##### Records shown

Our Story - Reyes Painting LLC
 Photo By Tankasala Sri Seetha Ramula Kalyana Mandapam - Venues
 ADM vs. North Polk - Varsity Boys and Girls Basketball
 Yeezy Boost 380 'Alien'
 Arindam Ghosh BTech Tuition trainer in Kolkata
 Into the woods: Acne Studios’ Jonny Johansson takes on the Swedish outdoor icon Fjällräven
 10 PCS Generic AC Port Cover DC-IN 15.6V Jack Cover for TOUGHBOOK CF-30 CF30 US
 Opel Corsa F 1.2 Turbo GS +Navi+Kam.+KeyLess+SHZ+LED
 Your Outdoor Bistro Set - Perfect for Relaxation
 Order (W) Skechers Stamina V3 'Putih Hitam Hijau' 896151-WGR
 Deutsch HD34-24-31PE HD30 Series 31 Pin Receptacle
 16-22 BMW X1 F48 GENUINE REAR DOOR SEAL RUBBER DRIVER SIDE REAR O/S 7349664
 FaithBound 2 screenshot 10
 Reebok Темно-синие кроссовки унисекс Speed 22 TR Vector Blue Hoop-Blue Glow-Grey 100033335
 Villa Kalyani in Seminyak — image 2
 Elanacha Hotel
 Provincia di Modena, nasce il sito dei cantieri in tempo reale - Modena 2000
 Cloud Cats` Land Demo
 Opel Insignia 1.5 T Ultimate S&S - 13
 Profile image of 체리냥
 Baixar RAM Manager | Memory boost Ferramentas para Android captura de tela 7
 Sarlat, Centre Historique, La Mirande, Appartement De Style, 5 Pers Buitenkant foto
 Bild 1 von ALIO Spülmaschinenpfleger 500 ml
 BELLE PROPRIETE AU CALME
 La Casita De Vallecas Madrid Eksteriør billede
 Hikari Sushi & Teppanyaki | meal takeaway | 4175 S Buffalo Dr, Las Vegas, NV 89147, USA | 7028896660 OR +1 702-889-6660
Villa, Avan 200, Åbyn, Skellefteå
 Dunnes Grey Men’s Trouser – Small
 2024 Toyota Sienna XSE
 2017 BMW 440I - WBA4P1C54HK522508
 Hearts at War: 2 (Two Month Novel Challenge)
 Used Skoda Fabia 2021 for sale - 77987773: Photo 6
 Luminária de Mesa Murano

##########

▶ _Problem_
Starting from the first line of the records above, retype each line exactly up to and including the one that contains "La Casita De", and nothing more.

▶ _Solved exercise_
Our Story - Reyes Painting LLC
 Photo By Tankasala Sri Seetha Ramula Kalyana Mandapam - Venues
 ADM vs. North Polk - Varsity Boys and Girls Basketball
 Yeezy Boost 380 'Alien'
 Arindam Ghosh BTech Tuition trainer in Kolkata
 Into the woods: Acne Studios’ Jonny Johansson takes on the Swedish outdoor icon Fjällräven
 10 PCS Generic AC Port Cover DC-IN 15.6V Jack Cover for TOUGHBOOK CF-30 CF30 US
 Opel Corsa F 1.2 Turbo GS +Navi+Kam.+KeyLess+SHZ+LED
 Your Outdoor Bistro Set - Perfect for Relaxation
 Order (W) Skechers Stamina V3 'Putih Hitam Hijau' 896151-WGR
 Deutsch HD34-24-31PE HD30 Series 31 Pin Receptacle
 16-22 BMW X1 F48 GENUINE REAR DOOR SEAL RUBBER DRIVER SIDE REAR O/S 7349664
 FaithBound 2 screenshot 10
 Reebok Темно-синие кроссовки унисекс Speed 22 TR Vector Blue Hoop-Blue Glow-Grey 100033335
 Villa Kalyani in Seminyak — image 2
 Elanacha Hotel
 Provincia di Modena, nasce il sito dei cantieri in tempo reale - Modena 2000
 Cloud Cats` Land Demo
 Opel Insignia 1.5 T Ultimate S&S - 13
 Profile image of 체리냥
 Baixar RAM Manager | Memory boost Ferramentas para Android captura de tela 7
 Sarlat, Centre Historique, La Mirande, Appartement De Style, 5 Pers Buitenkant foto
 Bild 1 von ALIO Spülmaschinenpfleger 500 ml
 BELLE PROPRIETE AU CALME
 La Casita De Vallecas Madrid Eksteriør billede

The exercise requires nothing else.